Despite apparent equivalence in long-term survival with OLR, LLR has been demonstrated to offer significant short-term clinical benefits such as less postoperative pain, shorter length of stay in the hospital, and earlier return of functional status. As technological advances in minimally invasive surgery have been made and long-term clinical equipoise demonstrated, the remaining unsolved issue is whether the short-term clinical benefits of LLR translate into a fiscal advantage of LLR over OLR. Bhojani et al. demonstrated in a dedicated LLR program at the University of Toronto that LLR offered not only the short-term clinical advantage of reduced operating room time and length of stay but that this translated into decreasing overall costs compared with OLR. Obviously, the limitation with this study, as with all retrospective studies comparing LLR with OLR, is that no matter how the patients are matched or what factors are controlled for, a significant selection bias is present.

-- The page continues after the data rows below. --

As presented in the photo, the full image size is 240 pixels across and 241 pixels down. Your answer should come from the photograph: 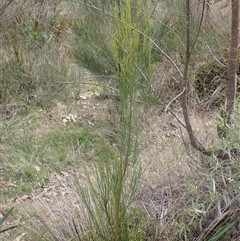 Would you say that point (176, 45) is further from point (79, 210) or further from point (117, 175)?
point (117, 175)

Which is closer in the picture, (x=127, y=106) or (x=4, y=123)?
(x=127, y=106)

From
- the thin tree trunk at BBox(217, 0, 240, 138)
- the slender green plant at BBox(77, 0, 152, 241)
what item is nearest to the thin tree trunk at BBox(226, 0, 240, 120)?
the thin tree trunk at BBox(217, 0, 240, 138)

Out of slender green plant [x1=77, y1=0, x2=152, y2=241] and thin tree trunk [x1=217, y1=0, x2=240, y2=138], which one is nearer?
slender green plant [x1=77, y1=0, x2=152, y2=241]

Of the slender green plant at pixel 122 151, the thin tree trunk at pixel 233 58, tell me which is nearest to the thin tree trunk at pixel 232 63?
the thin tree trunk at pixel 233 58

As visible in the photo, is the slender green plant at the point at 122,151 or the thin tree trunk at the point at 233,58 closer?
the slender green plant at the point at 122,151

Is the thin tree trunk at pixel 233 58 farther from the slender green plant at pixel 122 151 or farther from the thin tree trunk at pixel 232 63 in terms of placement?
the slender green plant at pixel 122 151

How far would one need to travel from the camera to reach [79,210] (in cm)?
248

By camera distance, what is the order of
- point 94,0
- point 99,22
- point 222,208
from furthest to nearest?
point 99,22, point 94,0, point 222,208

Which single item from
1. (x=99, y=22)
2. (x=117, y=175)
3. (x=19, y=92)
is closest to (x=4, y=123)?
(x=19, y=92)

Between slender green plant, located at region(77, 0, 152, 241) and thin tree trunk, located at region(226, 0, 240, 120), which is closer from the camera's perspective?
slender green plant, located at region(77, 0, 152, 241)

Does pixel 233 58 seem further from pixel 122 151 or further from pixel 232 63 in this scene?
pixel 122 151

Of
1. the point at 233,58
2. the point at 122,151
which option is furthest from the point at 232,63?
the point at 122,151

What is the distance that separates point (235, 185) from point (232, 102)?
0.63 m

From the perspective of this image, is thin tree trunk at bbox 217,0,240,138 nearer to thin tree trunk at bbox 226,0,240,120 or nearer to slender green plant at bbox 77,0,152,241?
thin tree trunk at bbox 226,0,240,120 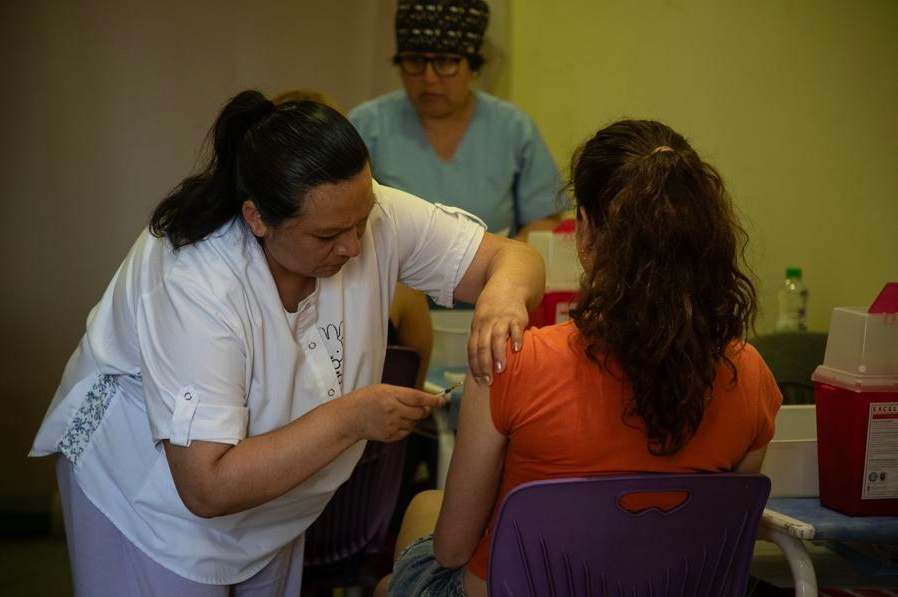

Determining the resectability of HCC tumors is dependent on both liver- and tumor-specific factors. If these factors are optimized and local expertise in both hepatobiliary and advanced minimally invasive surgery is present, LLR is equivalent to OLR in long-term survival in selected patients. LLR may also have a short-term clinical benefit of shorter length of stay and postoperative return to function that may translate into a financial benefit of LLR to OLR. Randomized controlled trials comparing LLR with OLR are most likely not feasible due to the large costs of accruing such a large sample size to demonstrate a benefit and the relative acceptance of LLR for small, peripherally located tumors.